The news of Italian retired teacher, Mauro Morandi, 81, being evicted from the Isle of Budelli, off the coast of Sardinia, where he has lived as its sole inhabitant for the last 32 years, comes in a week when I have been thinking of the isolated experiences of Tom Neale on Suwarrow, in the Cook’s, in the late 50s. Neale wrote of a gap of fourteen months between seeing, and speaking to, one human being and the next. Of course, in the late 50s, the internet was a long way off but he also had no radio.
How necessary is a remote and uninhabited island for one’s sense of solitude? Is that kind of liberty more within the mind than the environment?
Imagine living in a busy city – maybe you’re in one in reality – just switching off the world wide web would increase your sense of isolation a hundredfold.
But I guess the extreme isolation helps but there’s a dangerous fine line between enjoying solitude and experiencing loneliness.
Morandi posted of his threatened eviction on his Facebook page. He had many followers, it says. He didn’t relish a relocation up north (Italy?) playing cards or bowls. Playing the odd game of cards or bowls seems a quaint and quiet pastime compared to Facebook.

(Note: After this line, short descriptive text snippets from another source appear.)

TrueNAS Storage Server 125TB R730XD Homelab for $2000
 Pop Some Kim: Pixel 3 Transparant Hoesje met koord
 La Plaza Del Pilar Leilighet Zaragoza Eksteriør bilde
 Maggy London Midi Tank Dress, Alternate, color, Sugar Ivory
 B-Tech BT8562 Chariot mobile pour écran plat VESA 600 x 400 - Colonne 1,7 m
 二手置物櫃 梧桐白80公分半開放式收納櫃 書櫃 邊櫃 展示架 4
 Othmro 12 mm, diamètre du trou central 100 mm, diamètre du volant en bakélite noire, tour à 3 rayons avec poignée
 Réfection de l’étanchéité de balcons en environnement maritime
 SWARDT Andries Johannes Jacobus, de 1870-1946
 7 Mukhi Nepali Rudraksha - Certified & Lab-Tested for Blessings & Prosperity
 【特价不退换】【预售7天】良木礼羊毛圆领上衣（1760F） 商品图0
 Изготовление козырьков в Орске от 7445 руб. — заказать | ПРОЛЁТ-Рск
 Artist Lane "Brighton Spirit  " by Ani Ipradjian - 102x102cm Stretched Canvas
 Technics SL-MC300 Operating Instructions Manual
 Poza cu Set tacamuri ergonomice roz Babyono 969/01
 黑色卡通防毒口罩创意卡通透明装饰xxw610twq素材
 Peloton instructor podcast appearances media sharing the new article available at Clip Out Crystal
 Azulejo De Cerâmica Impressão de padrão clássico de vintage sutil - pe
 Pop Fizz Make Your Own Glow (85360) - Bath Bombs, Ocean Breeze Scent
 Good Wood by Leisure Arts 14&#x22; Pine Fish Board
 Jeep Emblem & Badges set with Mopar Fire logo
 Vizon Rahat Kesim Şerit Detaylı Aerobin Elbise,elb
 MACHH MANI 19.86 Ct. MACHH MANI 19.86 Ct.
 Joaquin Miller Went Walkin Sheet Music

It explains he initially set sail from Italy to Polynesia some three decades or more ago; and didn’t get much beyond Sardinia – which to my schoolboy’s knowledge of Mediterranean geography is a bit like sailing from Portsmouth for Australia and settling on the Isle of Wight.
This tells me you don’t have to go too far – or as far as you might think – to find contentment.
Let’s wish him good fortune in his new life wherever he finds it.